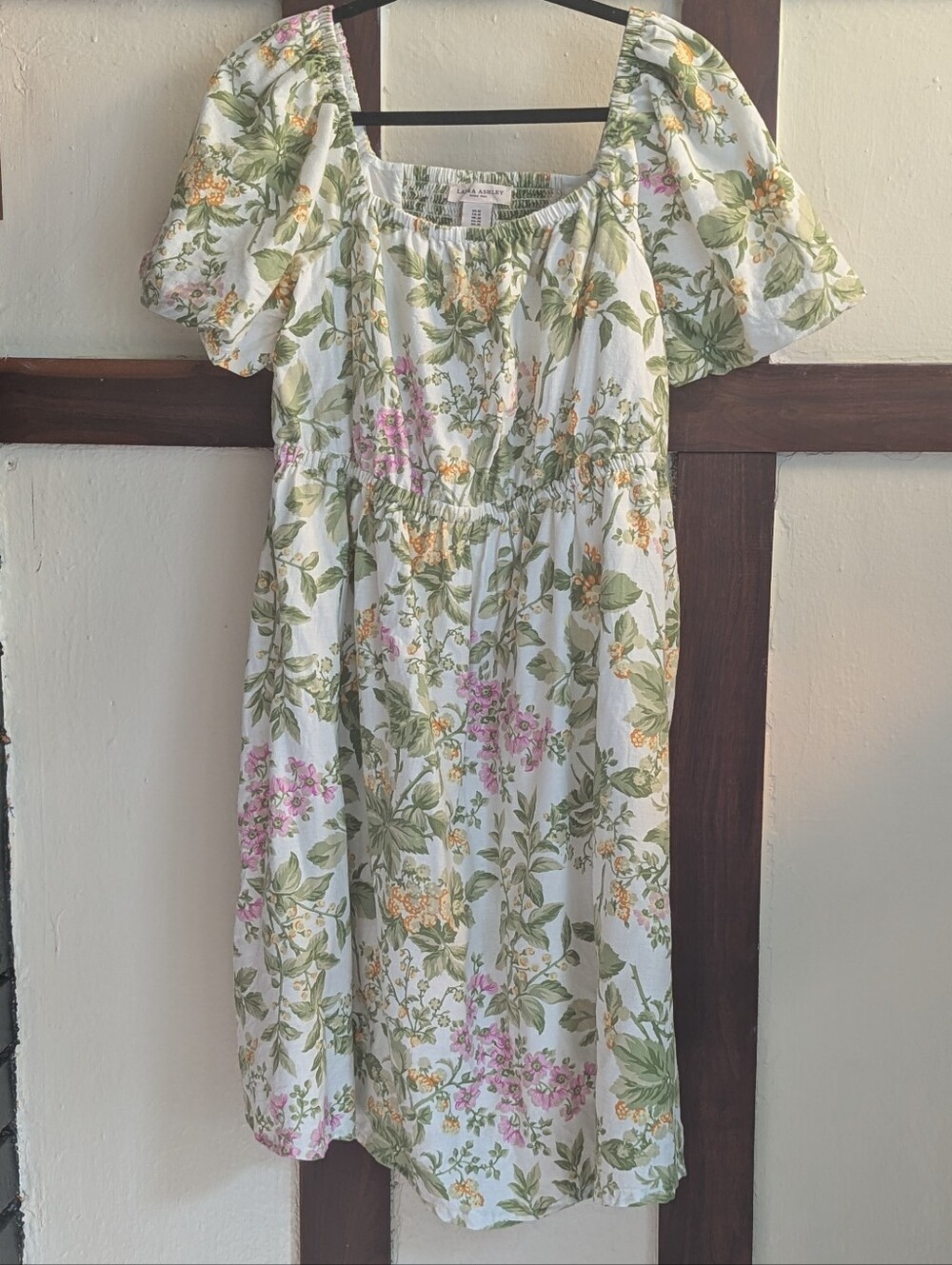 Laura Ashley Floral Puff-Sleeve Dress 1x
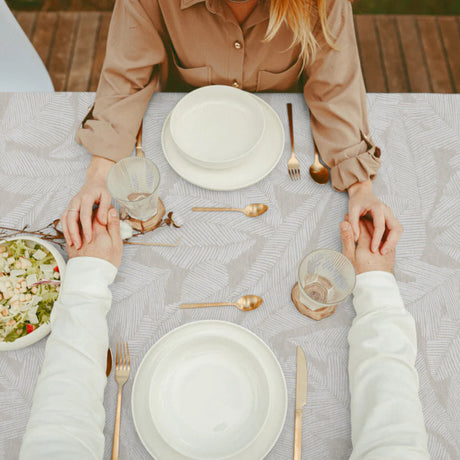 Nordfavn Edna Leaf – Tekstilvoksdug i sand med blødt bladmønster
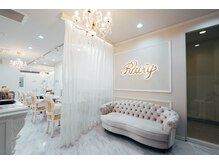 ラビィ 大阪心斎橋店(Raviy)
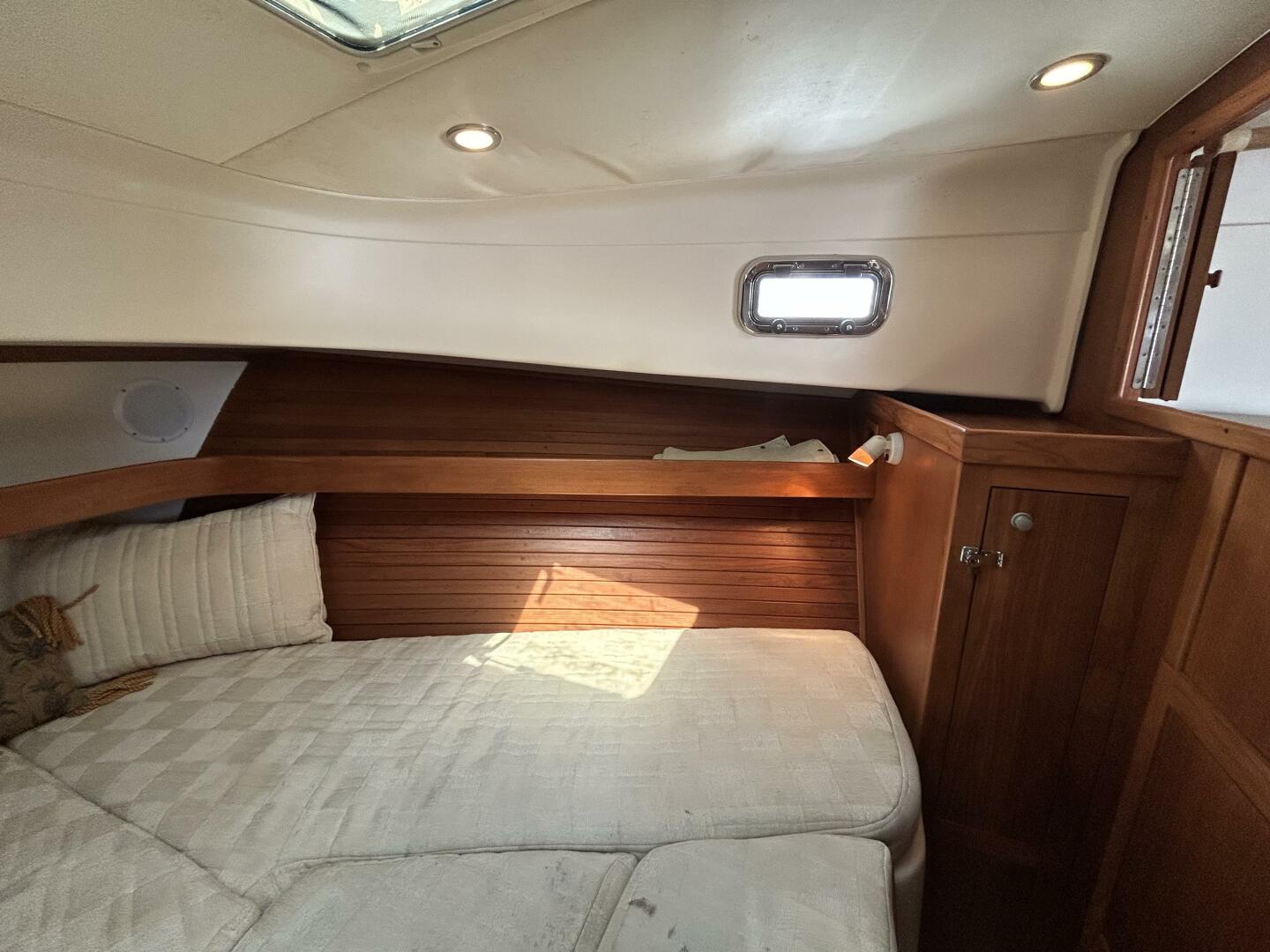 34' Mainship stateroom starboard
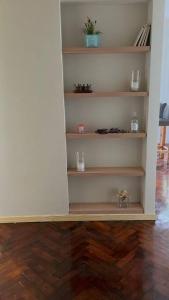 Depto renovado en recoleta.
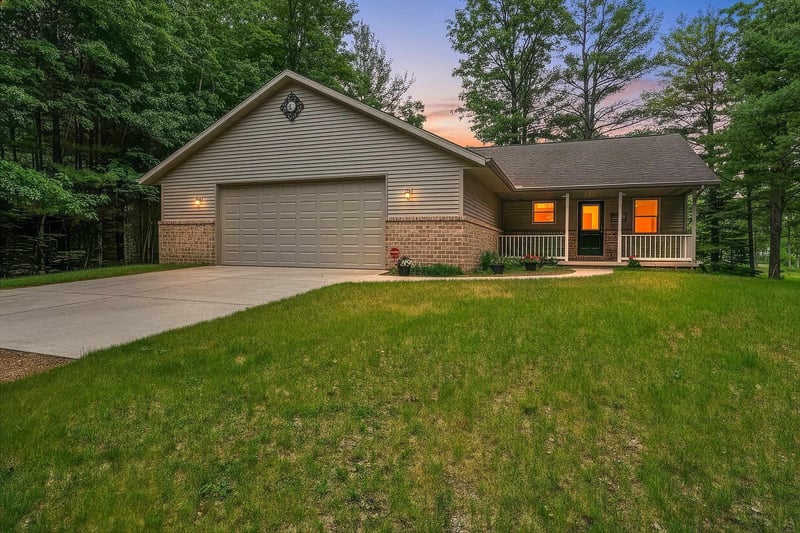 12055 Up North Ln, Crivitz, WI 54114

○ ○ ○

• DIRECTIONS FOR THIS TASK
Reproduce the lines from the line containing "ラビィ 大阪心斎橋店(Raviy)" through the end of the records above, exactly and inclusively, omitting pictures.

• WRITTEN RESPONSE
 ラビィ 大阪心斎橋店(Raviy)
 34' Mainship stateroom starboard
 Depto renovado en recoleta.
 12055 Up North Ln, Crivitz, WI 54114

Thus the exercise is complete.